Understanding Return On Capital Employed (ROCE)

Just to clarify if you're unsure, ROCE is a metric for evaluating how much pre-tax income (in percentage terms) a company earns on the capital invested in its business. The formula for this calculation on Mega Genomics is:

Return on Capital Employed = Earnings Before Interest and Tax (EBIT) ÷ (Total Assets - Current Liabilities)

0.039 = CN¥26m ÷ (CN¥797m - CN¥114m) (Based on the trailing twelve months to December 2023).

So, Mega Genomics has an ROCE of 3.9%. Ultimately, that's a low return and it under-performs the Healthcare industry average of 10%.

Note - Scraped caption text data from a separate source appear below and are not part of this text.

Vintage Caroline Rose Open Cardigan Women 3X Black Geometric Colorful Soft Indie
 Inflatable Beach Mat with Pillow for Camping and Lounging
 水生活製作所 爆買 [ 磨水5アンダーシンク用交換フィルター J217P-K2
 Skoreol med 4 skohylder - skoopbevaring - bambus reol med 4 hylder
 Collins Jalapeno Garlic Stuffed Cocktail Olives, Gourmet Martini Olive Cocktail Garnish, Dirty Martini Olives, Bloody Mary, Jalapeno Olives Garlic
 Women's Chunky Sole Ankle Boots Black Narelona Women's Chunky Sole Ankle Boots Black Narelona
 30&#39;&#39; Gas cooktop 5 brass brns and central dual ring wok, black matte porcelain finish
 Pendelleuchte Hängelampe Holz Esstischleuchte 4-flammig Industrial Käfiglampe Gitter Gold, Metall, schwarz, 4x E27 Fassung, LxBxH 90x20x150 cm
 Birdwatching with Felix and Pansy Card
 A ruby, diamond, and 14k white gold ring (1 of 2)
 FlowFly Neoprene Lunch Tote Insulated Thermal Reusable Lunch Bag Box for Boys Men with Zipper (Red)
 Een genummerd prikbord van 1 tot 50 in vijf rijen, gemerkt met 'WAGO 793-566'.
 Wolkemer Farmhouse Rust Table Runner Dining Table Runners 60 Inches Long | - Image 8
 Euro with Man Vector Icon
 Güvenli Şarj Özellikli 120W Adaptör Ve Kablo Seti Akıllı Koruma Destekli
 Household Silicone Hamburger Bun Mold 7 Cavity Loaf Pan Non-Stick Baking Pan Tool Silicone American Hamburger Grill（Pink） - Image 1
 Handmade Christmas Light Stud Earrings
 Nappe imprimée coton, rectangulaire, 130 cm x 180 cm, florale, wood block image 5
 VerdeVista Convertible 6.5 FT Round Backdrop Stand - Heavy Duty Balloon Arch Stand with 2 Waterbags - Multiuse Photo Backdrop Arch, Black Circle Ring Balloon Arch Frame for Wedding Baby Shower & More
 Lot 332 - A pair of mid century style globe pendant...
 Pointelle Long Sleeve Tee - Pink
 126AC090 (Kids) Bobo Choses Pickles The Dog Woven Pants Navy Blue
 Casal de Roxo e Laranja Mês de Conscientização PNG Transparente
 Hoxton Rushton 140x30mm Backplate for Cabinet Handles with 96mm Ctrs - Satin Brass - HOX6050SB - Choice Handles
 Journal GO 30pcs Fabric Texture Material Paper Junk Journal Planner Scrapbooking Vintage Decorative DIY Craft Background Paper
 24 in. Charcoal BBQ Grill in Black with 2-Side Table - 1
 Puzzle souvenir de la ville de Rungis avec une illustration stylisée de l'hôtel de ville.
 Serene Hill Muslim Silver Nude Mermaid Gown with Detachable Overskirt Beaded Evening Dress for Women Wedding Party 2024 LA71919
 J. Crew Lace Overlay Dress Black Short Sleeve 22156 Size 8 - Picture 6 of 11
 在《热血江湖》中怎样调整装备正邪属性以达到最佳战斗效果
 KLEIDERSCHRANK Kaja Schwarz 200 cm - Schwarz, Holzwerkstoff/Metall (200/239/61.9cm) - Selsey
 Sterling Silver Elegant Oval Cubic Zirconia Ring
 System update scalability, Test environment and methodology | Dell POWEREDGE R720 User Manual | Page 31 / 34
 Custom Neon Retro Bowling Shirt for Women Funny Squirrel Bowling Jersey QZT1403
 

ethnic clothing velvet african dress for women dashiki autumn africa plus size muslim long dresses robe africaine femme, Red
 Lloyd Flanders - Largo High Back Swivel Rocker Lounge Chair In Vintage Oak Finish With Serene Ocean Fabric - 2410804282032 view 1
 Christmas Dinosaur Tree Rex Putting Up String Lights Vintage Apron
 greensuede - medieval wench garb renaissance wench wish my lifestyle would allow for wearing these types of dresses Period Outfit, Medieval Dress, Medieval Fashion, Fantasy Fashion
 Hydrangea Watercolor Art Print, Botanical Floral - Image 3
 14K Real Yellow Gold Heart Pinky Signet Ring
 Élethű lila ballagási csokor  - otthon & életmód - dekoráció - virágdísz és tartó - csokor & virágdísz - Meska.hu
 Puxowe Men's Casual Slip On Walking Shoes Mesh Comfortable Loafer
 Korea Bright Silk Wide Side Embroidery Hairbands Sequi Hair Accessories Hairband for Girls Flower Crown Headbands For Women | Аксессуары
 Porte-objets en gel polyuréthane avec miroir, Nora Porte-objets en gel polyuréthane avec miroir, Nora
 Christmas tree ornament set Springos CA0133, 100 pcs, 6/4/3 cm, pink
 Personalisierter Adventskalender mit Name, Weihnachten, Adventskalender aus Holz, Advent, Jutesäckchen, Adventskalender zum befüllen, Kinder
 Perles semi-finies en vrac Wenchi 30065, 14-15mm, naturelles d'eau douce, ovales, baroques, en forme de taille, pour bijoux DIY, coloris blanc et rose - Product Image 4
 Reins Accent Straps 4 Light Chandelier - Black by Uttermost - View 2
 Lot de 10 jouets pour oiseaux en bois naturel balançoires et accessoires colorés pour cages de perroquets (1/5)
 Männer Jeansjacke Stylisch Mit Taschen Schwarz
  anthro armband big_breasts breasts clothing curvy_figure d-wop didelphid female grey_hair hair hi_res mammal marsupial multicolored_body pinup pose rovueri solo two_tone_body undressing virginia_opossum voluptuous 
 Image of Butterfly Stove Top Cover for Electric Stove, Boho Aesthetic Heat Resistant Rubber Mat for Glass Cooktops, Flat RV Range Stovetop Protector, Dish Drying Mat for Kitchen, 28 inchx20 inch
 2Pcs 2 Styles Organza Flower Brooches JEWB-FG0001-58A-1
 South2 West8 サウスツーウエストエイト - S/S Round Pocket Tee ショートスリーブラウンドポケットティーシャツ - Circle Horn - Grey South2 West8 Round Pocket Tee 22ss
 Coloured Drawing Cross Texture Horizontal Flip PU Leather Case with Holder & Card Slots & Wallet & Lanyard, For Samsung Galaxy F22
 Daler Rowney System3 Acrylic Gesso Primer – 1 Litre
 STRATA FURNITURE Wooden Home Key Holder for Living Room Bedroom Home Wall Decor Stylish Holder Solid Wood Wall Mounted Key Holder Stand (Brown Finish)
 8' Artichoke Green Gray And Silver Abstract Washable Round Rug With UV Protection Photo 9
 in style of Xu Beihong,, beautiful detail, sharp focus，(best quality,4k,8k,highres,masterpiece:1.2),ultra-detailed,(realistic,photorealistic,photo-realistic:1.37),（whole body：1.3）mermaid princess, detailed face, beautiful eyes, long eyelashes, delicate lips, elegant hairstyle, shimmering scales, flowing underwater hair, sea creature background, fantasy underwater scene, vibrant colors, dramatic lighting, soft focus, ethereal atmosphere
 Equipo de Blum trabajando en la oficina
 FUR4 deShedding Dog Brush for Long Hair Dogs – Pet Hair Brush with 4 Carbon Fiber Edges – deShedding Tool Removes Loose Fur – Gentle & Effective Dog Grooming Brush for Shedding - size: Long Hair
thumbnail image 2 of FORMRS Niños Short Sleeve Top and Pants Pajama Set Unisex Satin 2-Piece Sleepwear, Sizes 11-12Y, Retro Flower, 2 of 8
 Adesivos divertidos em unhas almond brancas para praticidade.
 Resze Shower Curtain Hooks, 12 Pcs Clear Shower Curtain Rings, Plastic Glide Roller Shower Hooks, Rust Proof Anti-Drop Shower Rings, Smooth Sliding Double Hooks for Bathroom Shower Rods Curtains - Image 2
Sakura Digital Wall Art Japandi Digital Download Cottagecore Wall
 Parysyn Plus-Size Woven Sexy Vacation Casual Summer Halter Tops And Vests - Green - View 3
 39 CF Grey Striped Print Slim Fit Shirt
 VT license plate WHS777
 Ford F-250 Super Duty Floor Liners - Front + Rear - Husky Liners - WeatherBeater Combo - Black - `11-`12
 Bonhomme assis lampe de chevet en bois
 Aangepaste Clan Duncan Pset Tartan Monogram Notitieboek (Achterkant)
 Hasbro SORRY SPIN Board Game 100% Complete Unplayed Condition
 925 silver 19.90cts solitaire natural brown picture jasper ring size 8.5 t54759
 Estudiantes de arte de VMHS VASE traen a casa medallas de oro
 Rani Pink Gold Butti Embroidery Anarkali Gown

See our latest analysis for Mega Genomics

roce
SEHK:6667 Return on Capital Employed August 28th 2024

Historical performance is a great place to start when researching a stock so above you can see the gauge for Mega Genomics' ROCE against it's prior returns. If you want to delve into the historical earnings , check out these free graphs detailing revenue and cash flow performance of Mega Genomics.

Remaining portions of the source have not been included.